We can see how the actual computation is only performed somewhere between commit and waitUntilCompleted. This chaining of operators might seem arbitrary, but when benchmarked against the serial use of the add_arrays and multiply_arrays shaders a speedup of 5% was achieved (see chaining_operators.cpp, serial op: 4800.38ms +/- 57.3528ms, compound op: 4544.57ms +/- 30.7632ms), suggesting that for complex computations optimizing out the overhead of constructing buffers, placing data in them and encoding the instructions might be worthwile. However, compared to our CPU performances both for serial and OpenMP code, the gain is marginal.

Code duplication hell

So far, we’ve now created two shaders. For these shaders, we’ve had to retrieve the function reference and its pipeline state object (PSO) in our class constructor, and whenever we launch a shader, we call again on the PSO to set the instructions and determine the threadGroupSize.

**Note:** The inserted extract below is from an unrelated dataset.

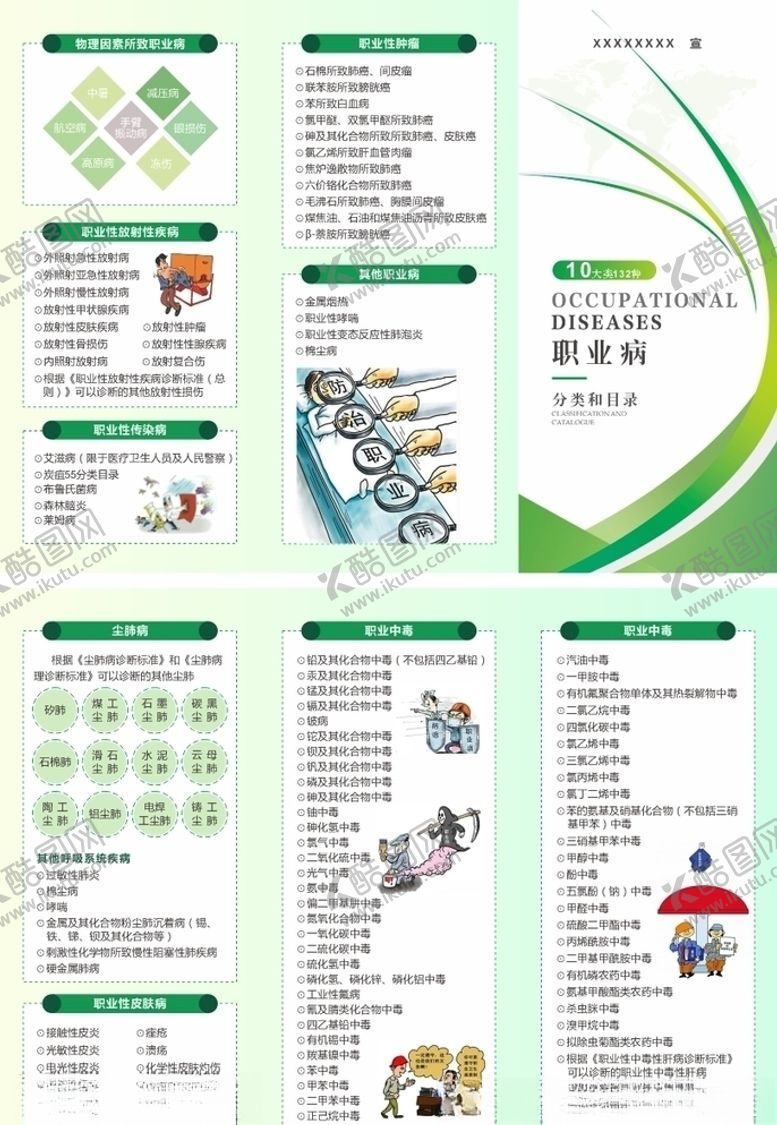 编号：76975309230458346963【酷图网】源文件下载-职业病分类和目录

This way, when we grow our library in our metal code (contained for this write-up in ops.metal), we will have to keep adding attributes to our class for the PSOs, and a-priori know what functions we should load:

MetalOperations::MetalOperations(MTL::Device *device)
{
    _mDevice = device;

    NS::Error *error = nullptr;

    auto filepath = NS::String::string("./ops.metallib",
                                       NS::ASCIIStringEncoding);
    MTL::Library *opLibrary = _mDevice->newLibrary(filepath, &error);

    // Loading functions
    auto str = NS::String::string("add_arrays", NS::ASCIIStringEncoding);
    MTL::Function *addFunction = defaultLibrary->newFunction(str);

    str = NS::String::string("multiply_arrays", NS::ASCIIStringEncoding);
    MTL::Function *multiplyFunction = defaultLibrary->newFunction(str);

    str = NS::String::string("saxpy", NS::ASCIIStringEncoding);
    MTL::Function *saxpyFunction = defaultLibrary->newFunction(str);

    // Loading PSOs
    _mAddFunctionPSO = 
        _mDevice->newComputePipelineState(addFunction, &error);
    _mMultiplyFunctionPSO = 
        _mDevice->newComputePipelineState(multiplyFunction, &error);
    _mSaxpyFunctionPSO = 
        _mDevice->newComputePipelineState(saxpyFunction, &error);
    
    // .. error handling

    // .. other constructor operations
}

This ungodly work surely can be automated… And behold, one could simply determine all names of the functions in a Metal library using MTL::Library::functionNames();. This leads to a much leaner way to create PSOs for all functions:

MetalOperations::MetalOperations(MTL::Device *device)
{
    _mDevice = device;

    NS::Error *error = nullptr;

    auto filepath = NS::String::string("./ops.metallib", 
                                       NS::ASCIIStringEncoding);
    MTL::Library *opLibrary = _mDevice->newLibrary(filepath, &error);

    // Get all function names
    auto fnNames = opLibrary->functionNames();

    for (size_t i = 0; i < fnNames->count(); i++)
    {
        auto name_nsstring = fnNames->object(i)->description();
        auto name_utf8 = name_nsstring->utf8String();

        // Load function into a map
        functionMap[name_utf8] = opLibrary->newFunction(name_nsstring);

        // Create pipeline from function
        functionPipelineMap[name_utf8] =
            _mDevice->newComputePipelineState(functionMap[name_utf8], 
                                              &error);

        }
    }

This creates a map of all pipelines, which we can look up by knowing their utf8 name. This for example simplifies the calling of our add_arrays:

computeEncoder->setComputePipelineState(_m);

// becomes

computeEncoder->setComputePipelineState(functionPipelineMap["add_arrays"]);

However, this does not fully make all our shader calls from C++ redundant. Although the add_arrays and multiply_arrays calls in C++ (addArrays and multiplyArrays) are one-to-one duplicates other than the PSOs, this is only the case because they have the same signature. This becomes evident when we create the SAXPY shader.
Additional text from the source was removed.